Streit: Hochleistung bringt man sicher nicht zusammen, wenn man einen fixen Plan für sein Kind hat. Wenn die Eltern aber in frühen Jahren Leidenschaften des Kindes bemerken und diese fördern, ist das sicher gut. Ist das Kind zum Beispiel ein guter Tennisspieler, kann man es begleiten und fördern. Aber nicht treiben! Das heißt, es ist gut und wichtig, Angebote zu machen, „Muss“ ist aber kontraproduktiv.
Welche Rolle spielen die Lehrer in diesem Zusammenhang?

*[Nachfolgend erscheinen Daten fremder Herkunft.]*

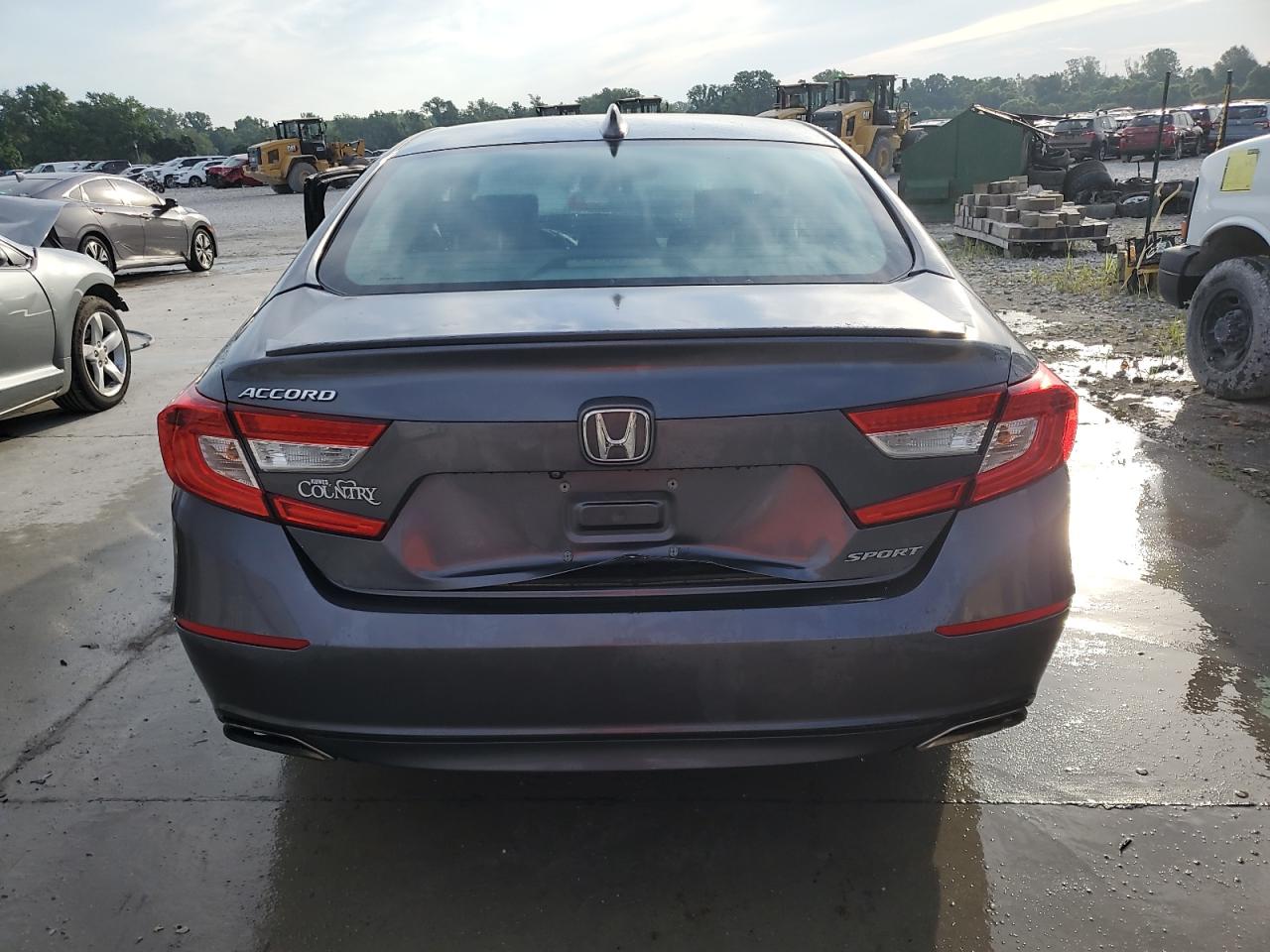 1HGCV1F31LA097991 HONDA ACCORD 2020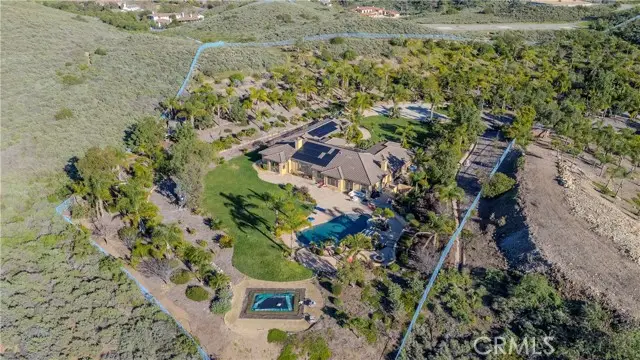 5105 Via El Cerro, Thousand Oaks, CA 91320 - #3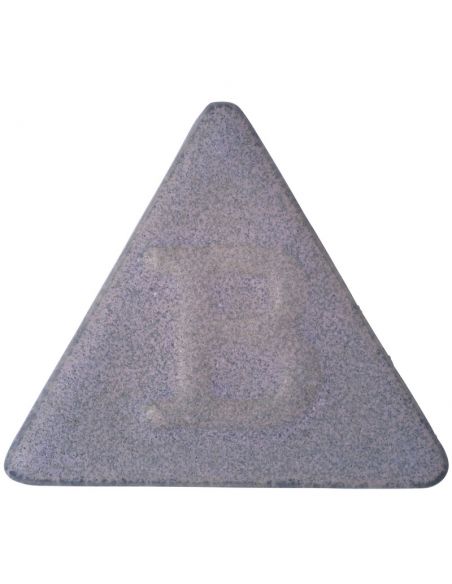 BO9897 Émail Grès Lilas à effets | BOTZ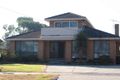 Property photo of 201 Esplanade Altona VIC 3018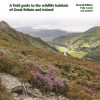 Cover of Britain's Habitats a Wildguide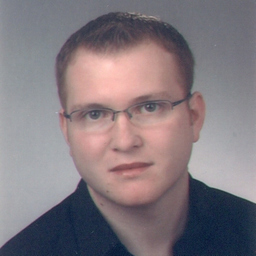 Stefan Bayer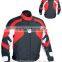 motorcycle cordura jackets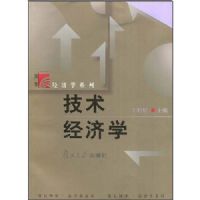 ��������ѧ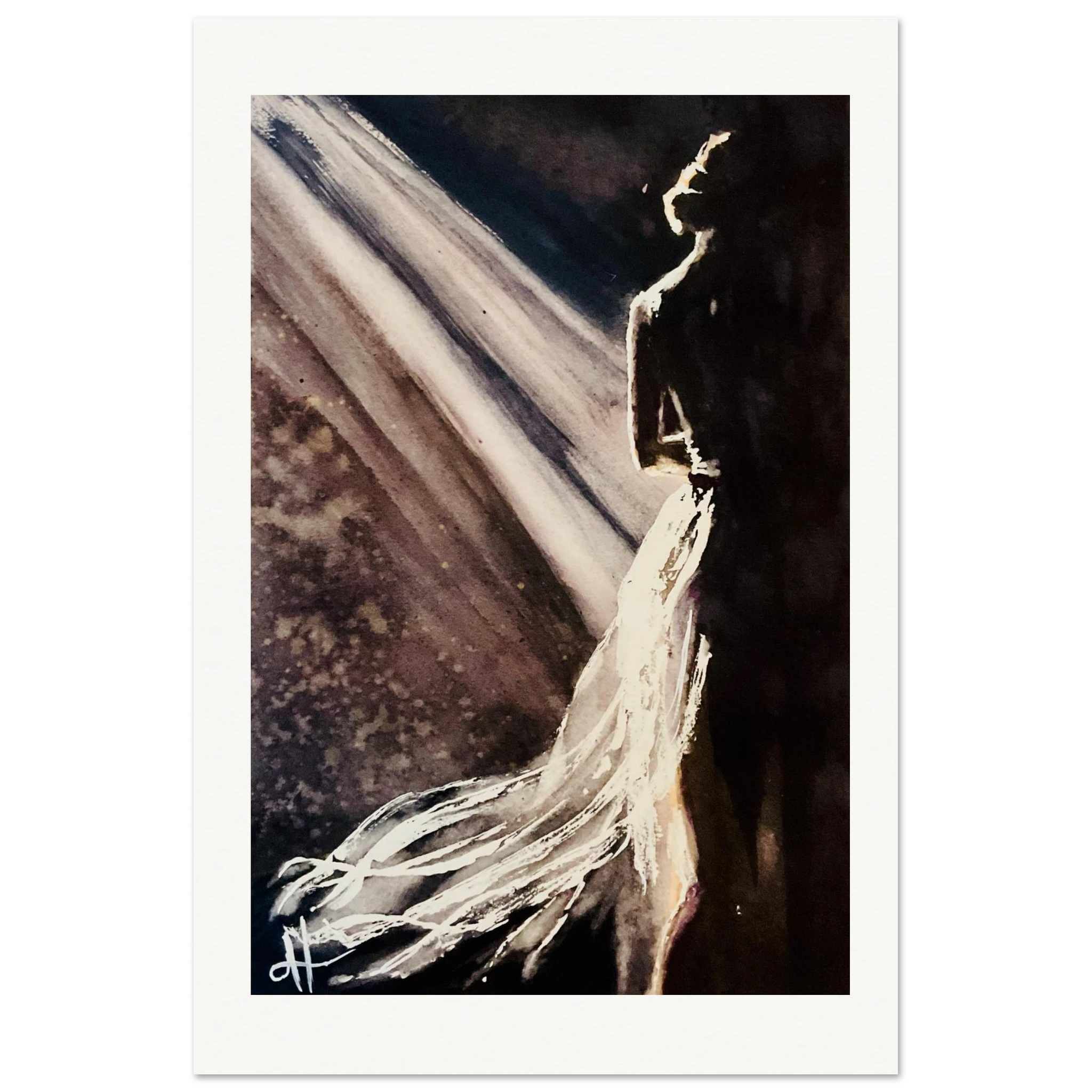 1d1e3e9c-ad46-45d2-ba20-59a47e0514d0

Streit: Es braucht Achtsamkeit des Lehrers: gegenüber sich selbst, was entscheidende Voraussetzung ist, und gegenüber den Kindern der Klasse. Dann taucht Resonanz zwischen ihm und den Schülern auf. Und er braucht Hilfe und Unterstützung, sowie ein klares Regelwerk mit Ritualen, die den Tag strukturieren, und die den Rahmen für die Begegnung darstellen. Die Kinder werden dann automatisch offen für das, was er anbietet.
Das Interview führte Evelin Stark.
Zur Person
Philip Streit ist Vorstand des Institus für Kind, Jugend und Familie in Graz. Der Kinder- und Familientherapeut ist vor allem bekannt durch sein Engagement im Bereich der Positiven Psychologie.
Das Gespräch im Riesen 2018 thematisiert „Hochleistungskinder in einer Hochleistungsgesellschaft“. Philip Streit sitzt am Podium. 21.9., 16 Uhr, Swarovski Kristallwelten.